I realised while writing a recent post that, apart from the odd extremely brief description, I’ve never really given an account of what doing Judo full time looks like on a broad or, on a day to day basis. Obviously the four or five places offering full time training for Judo players across Great Britain will differ slightly but, won’t be a million miles away from each other in terms of lifestyle and structure.
Camberley Judo Club is where I have spent my full senior career so, again, my experience of full time training has been under Luke Preston so, therefore, is a reflection of how Luke, taking into account many differing variables, deems it best to train Judo athletes. Luke, following on from Mark Earle who built the club and first established the full time training at Camberley, under whom Luke himself trained.
Judo is a consistently evolving sport, regarding some elements I’ll discuss a mixture of how it was and, how it is now.
The absolute pinnacle of competitive Judo is the Olympic Games. For all those serious about competing I’ve ever known I’m yet to find anyone that’s not said that becoming Olympic Champion is their ultimate sporting dream. For me, it was watching the 1996 Atlanta Olympics that sowed the Olympic idea. I knew very quickly after Atlanta that Judo was all I really wanted to do.
I skirted around the cadet (-16) and junior (-20) squads, some years medalling at the national championships and getting a place on the national team and some years not. There were a few things that fell into place for me to eventually bite the bullet and commit to Judo full time. I’ll try not to be too indulgent throughout, I’d like to keep this post as broad of a perspective on full time Judo as possible, as opposed to just my own personal story for the reader whom, I’m assuming, has little to no experience of full time Judo training. I will often use my own experience directly however, especially when attempting to more accurately describe larger decisions or pressures, to hopefully paint the reader a clear and more intimate picture.

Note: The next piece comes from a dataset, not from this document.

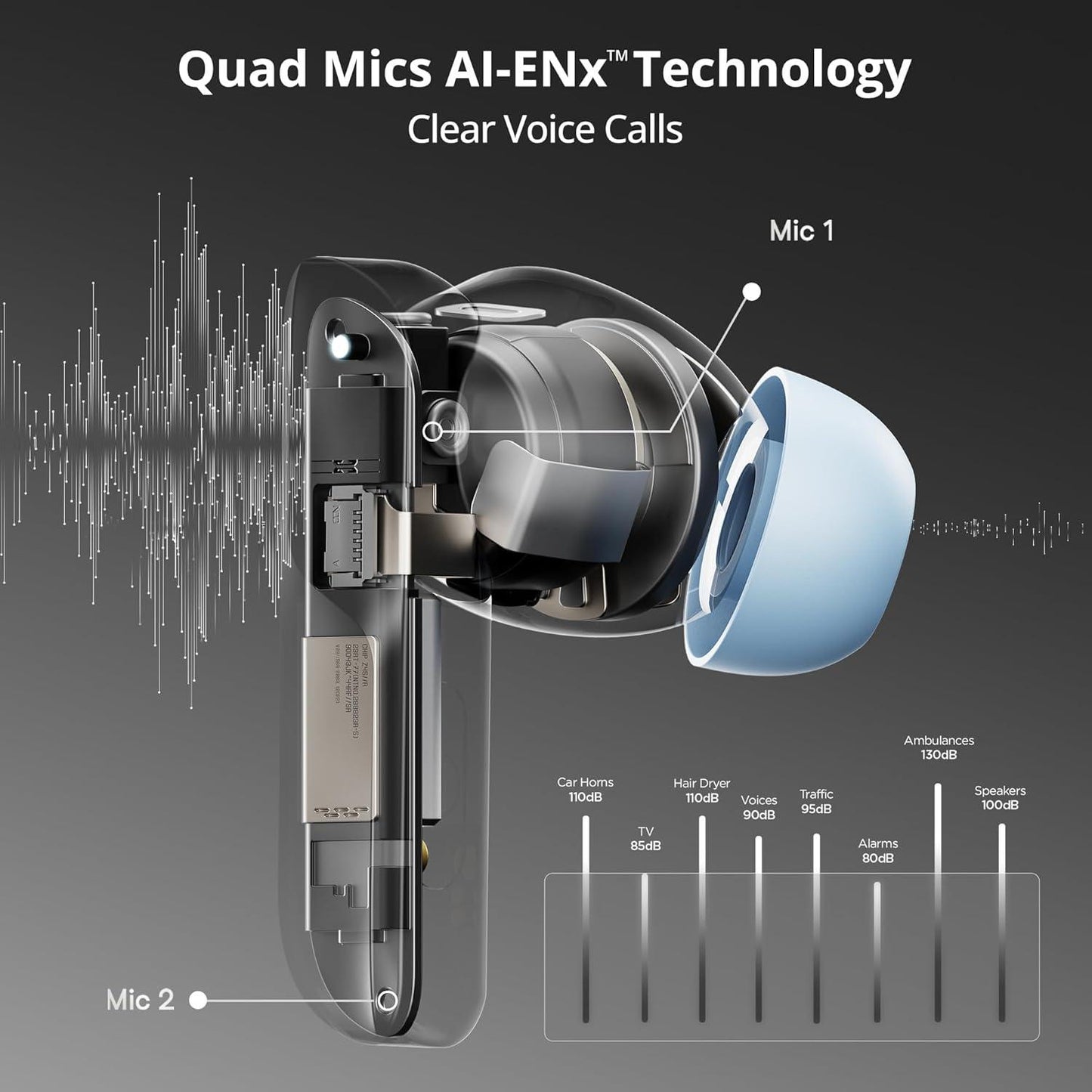 boAt Airdopes 800 True Wireless in Ear Ear Buds w/Dolby Audio, Adaptive EQ by Mimi, 40 Hours Playback, 4 Mics w/AI-ENx™, in-Ear Detection & Hearables App Support - Nalanda Enterprises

So, a few things happened. At the beginning of 2008 I began to feel a dissatisfaction with being in the building trade, I actually liked the work but felt like I was trying to cover up the immense desire I had for Judo inside me; I started to seriously think about full time Judo. London had been announced as the host city of the 2012 Olympics a few years before, just a few months out of the Beijing 2008 Olympics I started to feel like time was running out, London would be the next Games. I won a bronze medal at the national championships and had managed to get on the national junior team for my last year as a junior. None of the other higher ranked lads did anything abroad so, I was given a crack at the Junior World Cup in Poland where I took a fifth place and then, off the back of that, selected for the Junior European & World Championships. That started to give me some belief, I always got a bit of a flogging when I went abroad up until that point, the result fell well for me. Because London was the host city of the 2012 Games we didn’t have to qualify a spot, the number one player in the country in each weight would be selected. The -73kg category in Great Britain didn’t have any World or European medallists in it at the time so was much more open for the taking compared to other weight groups. Luke was a coach on the junior team and I began to work with him on national squad trips, I then began to travel to Camberley for periods of training.
That was the Judo situation I found myself in towards the end of 2008. I was also coming into the final year of my plastering apprenticeship, begun to learn some plumbing, been accepted onto a plumbing college course, seen a mortgage adviser about my first place and, was still living with my single mother that had raised me on her own. For me, I was ready to relocate (from Shrewsbury) to go and train full time at the start of 2008, it was really the thought of moving to the other end of the country, away from my family and friends and, giving up a job (which I hadn’t fully finished training for) and the money that brought in that kept me toying with the idea and staying away for another 15 months. It was a massive decision for me, a real leap of faith. Anyway, after all the formerly mentioned fell into place it tipped the scales and I bit the bullet and moved to Camberley on March 26th 2009.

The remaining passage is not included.